“Power Agreement 1999 en MoU 2015 ondergraven inhoud en geest van Brokopondo-overeenkomst”

Fiscaaljurist Roy Shyamnarain stelt dat de Power Agreement 1999 en de MoU 2015 de inhoud en de geest van de Brokopondo-overeenkomst (BO) ondergraven. Dit zei hij onlangs tijdens een presentatie bij Kenniskring.
Eigendom
De BO was een joint venture. Suriname had een inbreng in de vorm van grond en gebruiksrecht van het water. Suriname heeft ook veel exploratie en exploitatie concessies uitgegeven aan Suralco.
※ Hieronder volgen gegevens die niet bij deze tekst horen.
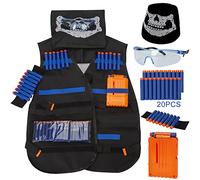 MoonSing Kit di Giubbotto Tattico, Gilet Tattico Per Bambini, Compatibile per Nerf Pistole N-Strike Elite Series, con 20 Freccette di Schiuma, Clip di Ricarica, Cinturini da Polso, Maschera, Occhiali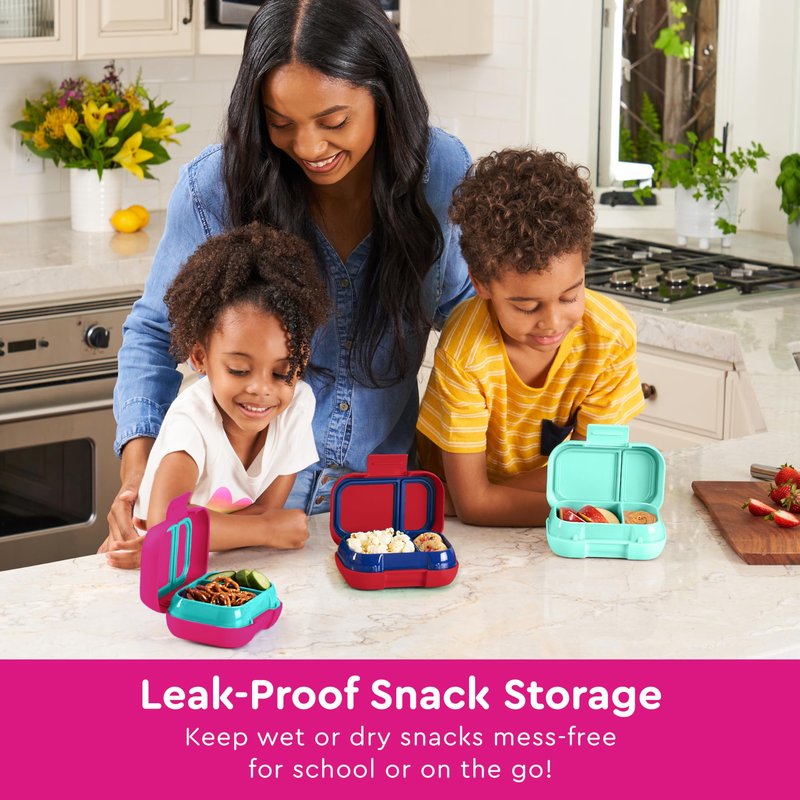 Bentgo Kids Snack - 2 Compartment Leak-Proof Bento Box Container for Snacks and Small Meals, Easy-Open Latch, Dishwasher Safe, BPA-Free for School, Daycare, & Sports - Ideal for Ages 3+ (Fuchsia/Teal)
Suralco kwam met de financiële middelen om fysiekinfrastructuur neer te zetten. Dit alles werd onder eigendomsvoorbehoud overeengekomen. Elke partij die iets inbrengt is eigenaar van hetgeen men inbrengt. Er is eigendom over alles. Echter is de grote discussie de eigendom en bezit over de dam.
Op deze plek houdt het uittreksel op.